>>>>

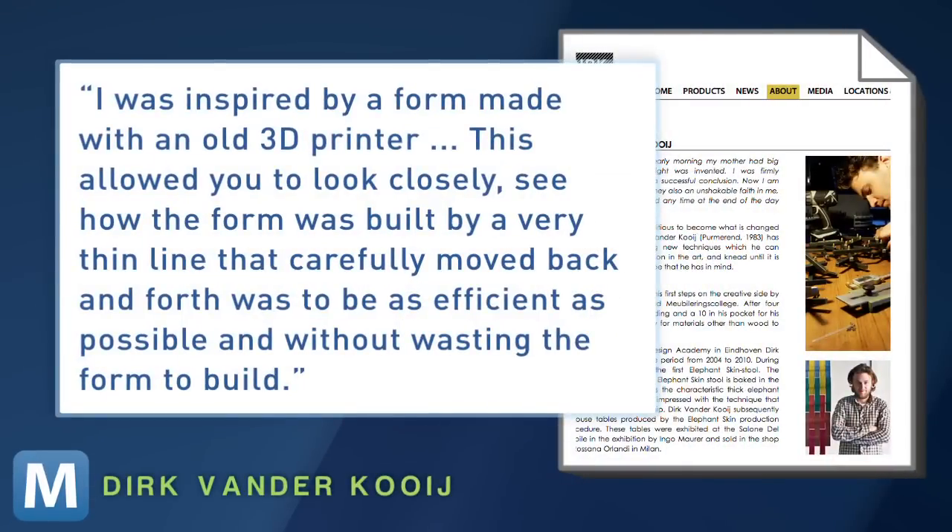This allowed you to look closely and see how the form was built by a very thin line that carefully moved back and forth, designed to be as efficient as possible and without wasting material to build the form.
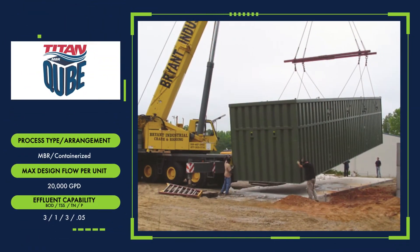The Titan MBR Cube is a complete factory-built containerized membrane wastewater treatment system featuring a compact design for simple shipping and mobility up to 20,000 gallons per day.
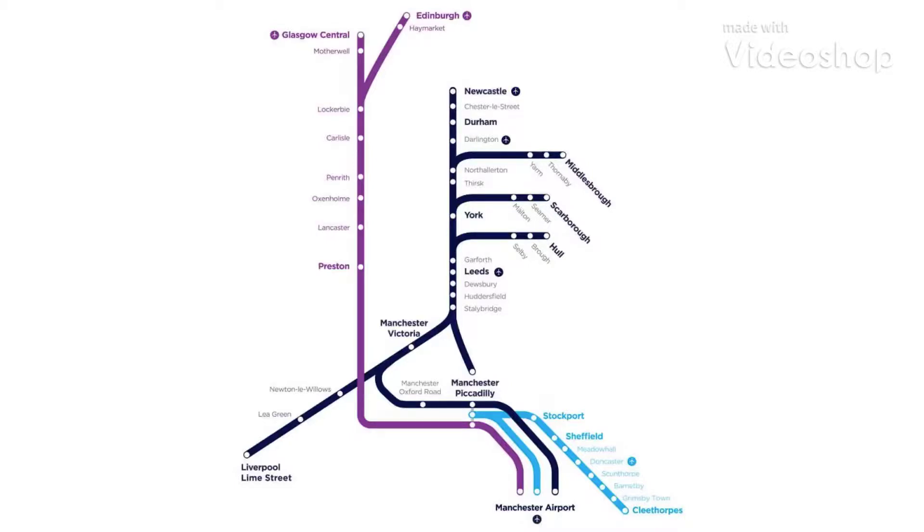Hi guys, welcome to Series 1, Episode 11 of Transparent Line Routes, and today we're going to go from Huddersfield to Manchester Airport. This service will be calling at Huddersfield, Manchester Victoria, Manchester Oxford Road, Manchester Piccadilly, and Manchester Airport. I hope it's going to be a good journey.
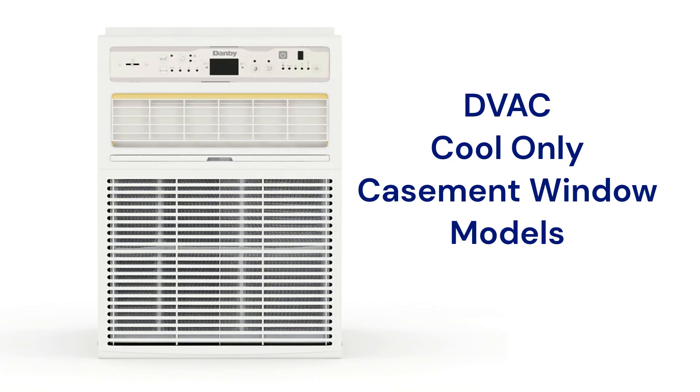The DVAC model is for casement window installation, uses the less environmentally friendly R410A refrigerant, and has a lower 10.4 EER efficiency rating.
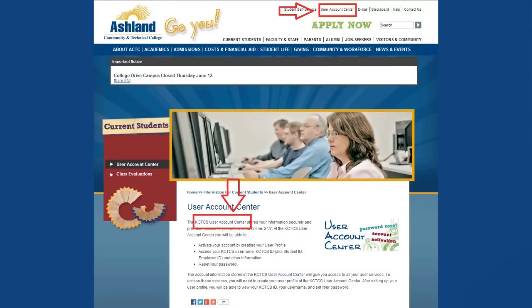You should set up your KCTCS username and password as soon as possible. You can easily do this from home by accessing the User Account Center link at the top of our website.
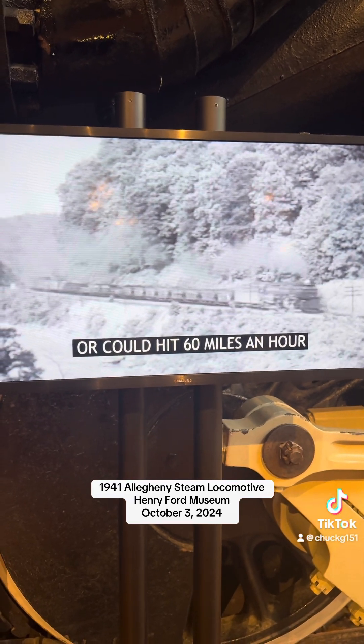The engineer sat on the right side of the large, roomy cab while the fireman sat on the left. The fireman did not shovel coal — no human being could keep up with an Allegheny's appetite for fuel. Instead, the fireman operated a screw conveyor that moved coal from the tender to the firebox.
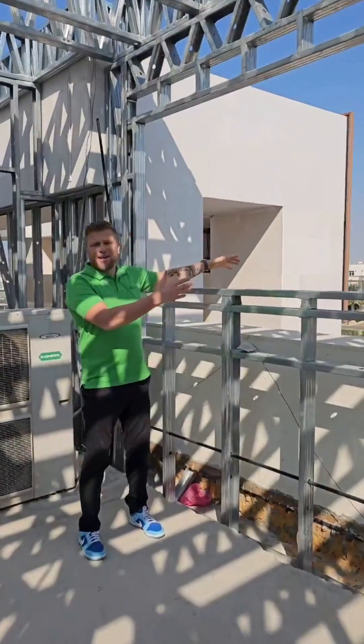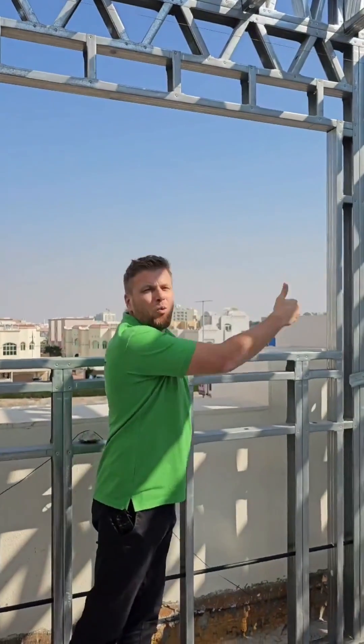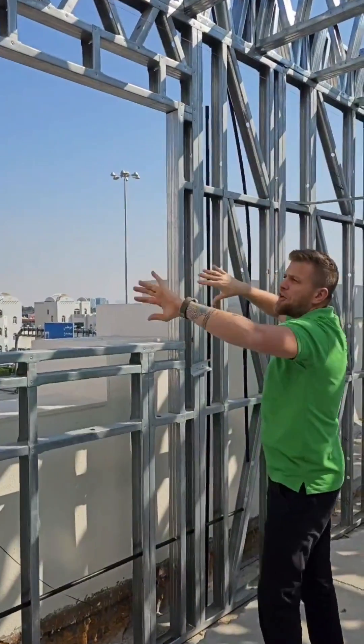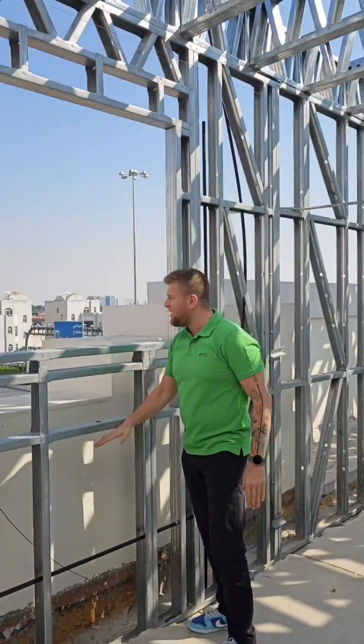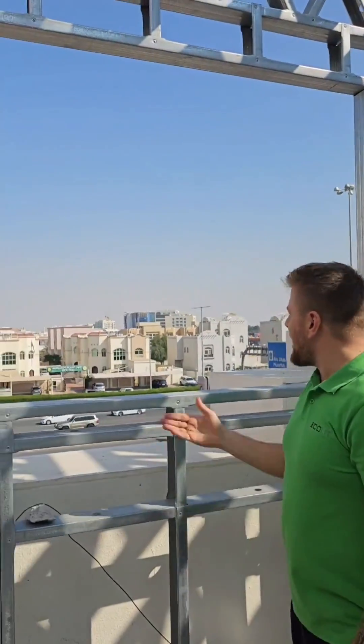You can change it however you want because this construction system is very flexible. If you change your decision and want to extend the windows, we can cut here, change the placement, spread the loads, and extend the windows either up or down. And as you can see, we now have an amazing view into Khalifa City.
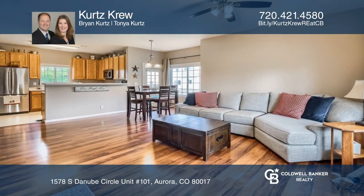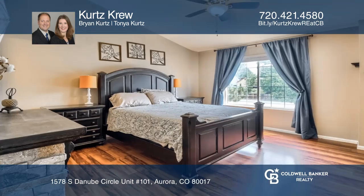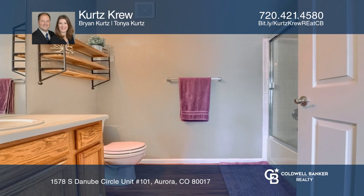This two-bedroom, three-bath townhouse style condo offers an open floor plan with beautiful cherry laminate flooring throughout and nine-foot ceilings on the main level. The kitchen hosts updated stainless steel appliances, plenty of cabinets, bar-height countertops, and lots of natural light.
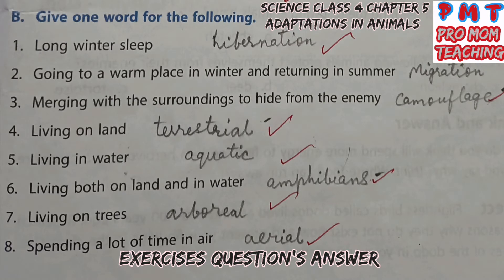Give one word for the following. First, long winter sleep — hibernation. Second, going to a warm place in winter and returning in summer — migration. Third, merging with the surroundings to hide from the enemy — camouflage. Fourth, living on land — terrestrial. Fifth, living in water — aquatic. Sixth, living both on land and in water — amphibians. Seventh, living on trees — arboreal. Eighth, spending a lot of time in air — aerial.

<<<<

◆ Work to complete
Repeat the records above exactly, from the first line through the line containing "The engineer sat", and leave out the pictures.

◆ Answer box
This allowed you to look closely and see how the form was built by a very thin line that carefully moved back and forth, designed to be as efficient as possible and without wasting material to build the form.
The Titan MBR Cube is a complete factory-built containerized membrane wastewater treatment system featuring a compact design for simple shipping and mobility up to 20,000 gallons per day.
Hi guys, welcome to Series 1, Episode 11 of Transparent Line Routes, and today we're going to go from Huddersfield to Manchester Airport. This service will be calling at Huddersfield, Manchester Victoria, Manchester Oxford Road, Manchester Piccadilly, and Manchester Airport. I hope it's going to be a good journey.
The DVAC model is for casement window installation, uses the less environmentally friendly R410A refrigerant, and has a lower 10.4 EER efficiency rating.
You should set up your KCTCS username and password as soon as possible. You can easily do this from home by accessing the User Account Center link at the top of our website.
The engineer sat on the right side of the large, roomy cab while the fireman sat on the left. The fireman did not shovel coal — no human being could keep up with an Allegheny's appetite for fuel. Instead, the fireman operated a screw conveyor that moved coal from the tender to the firebox.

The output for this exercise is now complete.